Avoid contact with bare skin. Because furanyl fentanyl and U-47700 are lethal at very low doses, law enforcement, health care providers, and the public should use extreme caution when handling these drugs. Gray death powder can be inhaled or absorbed through the skin and can be extremely toxic, even in the smallest quantities, and rapidly lead to fatal respiratory depression.

Law enforcement officials have been warned to use extreme caution and wear personal protective equipment when confiscating, handling or packaging any synthetic opioid, including gray death. However, some reports state that even protective gloves may not be enough. An officer in Ohio recently accidentally overdosed on the gray death when he touched the drug during an arrest.

Carfentanil, a large animal tranquilizer often used to anesthetize elephants, has been found in the product. If carfentanil is mixed in the product, it could add to the rapidly lethal effect. Carfentanil is 100 times more potent than fentanyl and 10,000 times more potent than morphine.

Even in their unadulterated, legal prescription form, opioid drugs are known to cause many deaths. According to the Centers for Disease Control and Prevention (CDC), on average, 130 Americans die every day from an opioid overdose which can include prescription oral painkillers, heroin, and fentanyl. Nearly half of all opioid overdose deaths involved a prescription opioid.

The extent of use

The extent of use of gray death is not fully known, as it first appeared on the streets only in 2017. The state of Georgia has reported at least 17 overdoses, at least 6 deaths from U-47700 and 12 deaths from furanyl fentanyl, plus over 50 reports of the drug in use.

What does gray death look like?

Experts are still trying to determine the exact details of gray death. Gray death, as it’s name would imply, has a gray or ashen color and appears like concrete mixing powder, in chunks, or in rocks. According to the Georgia Bureau of Investigations, the drugs are distributed in either powder or tablet form. But the identity of any illicit drug is always in question on the street; manufactured in foreign labs the identity, purity, and quantity of any substances are usually not known.

How do you use gray death?

Gray death has been consumed by most routes typical of drug abusers:

  • injection
  • smoking
  • snorting
  • consuming it orally


The users goal is to gain the euphoric effects of opiates; however, the lethal, depressive effects on breathing probably take over quickly with this illegal drug.
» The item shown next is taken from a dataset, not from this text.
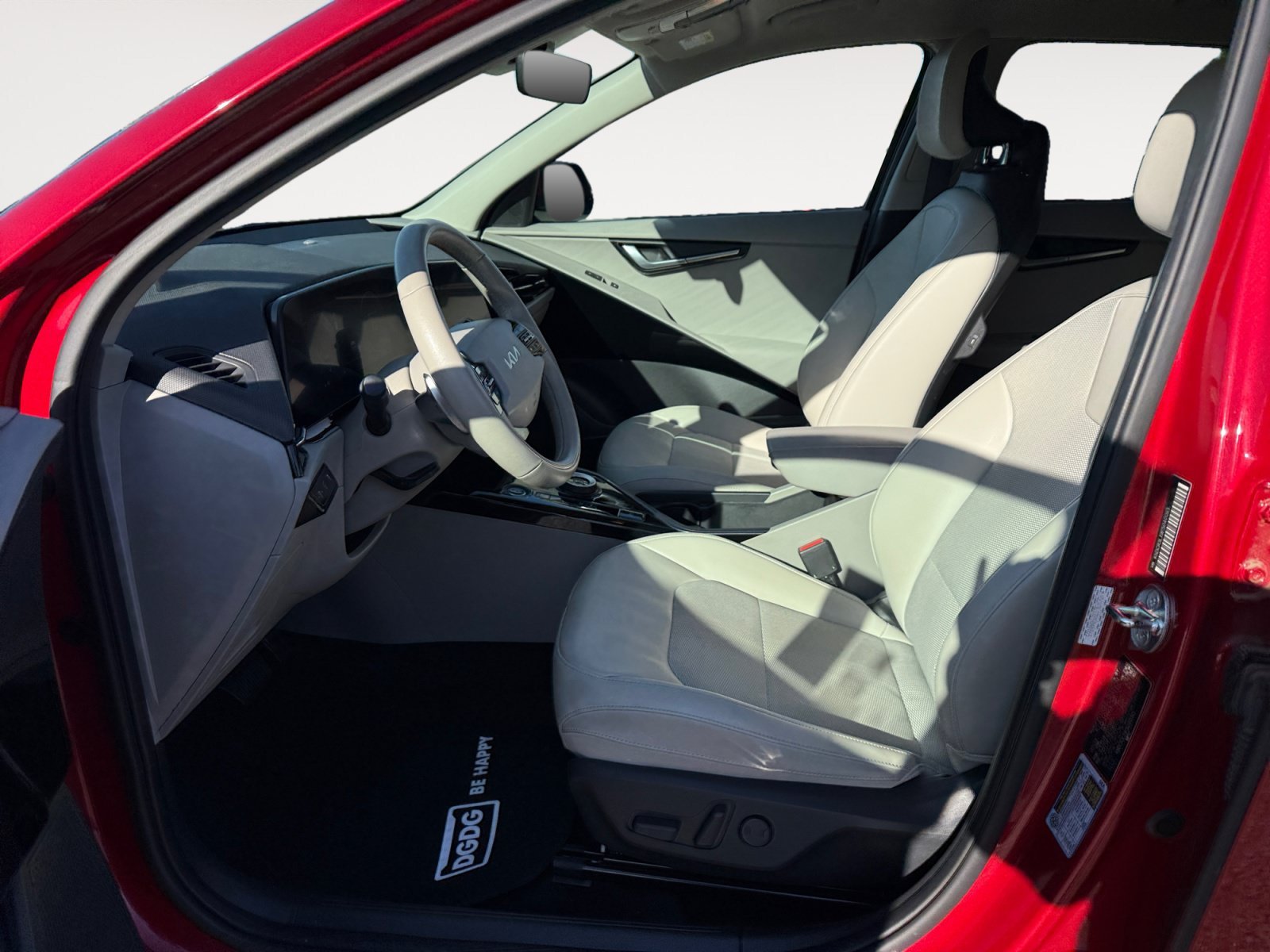 Used 2023 Red Kia Wind image 10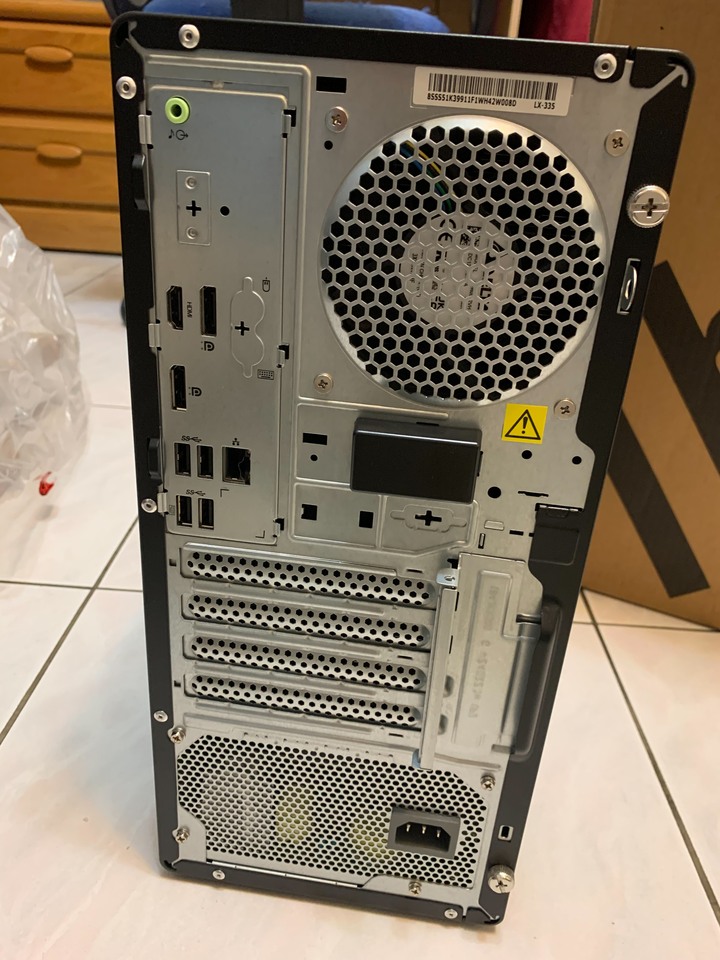 Lenovo ThinkStation P2 商用工作站，非 DIY 主機，可議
Effects can include:

  • shallow breathing
  • pinpoint pupils
  • nausea or vomiting
  • dizziness
  • lethargy
  • cold or clammy skin
  • loss of consciousness
  • heart failure

Can you reverse the effects of gray death?

Some reports have noted gray death could be resistant to naloxone (Narcan). First responders should immediately call 911 or other emergency personnel.

  • If the drugs contained within the gray death are of opiate origin, naloxone may be an effective antidote; however, multiple doses of naloxone (Narcan) will probably be required. As one health expert physician has noted, reversal of the effects could take up to 5 to 10 naloxone doses, which most people do not have on hand.
  • Naloxone will not have an effect on other drugs in the mixture, such as benzodiazepines, barbiturates, or other non-opiate drugs.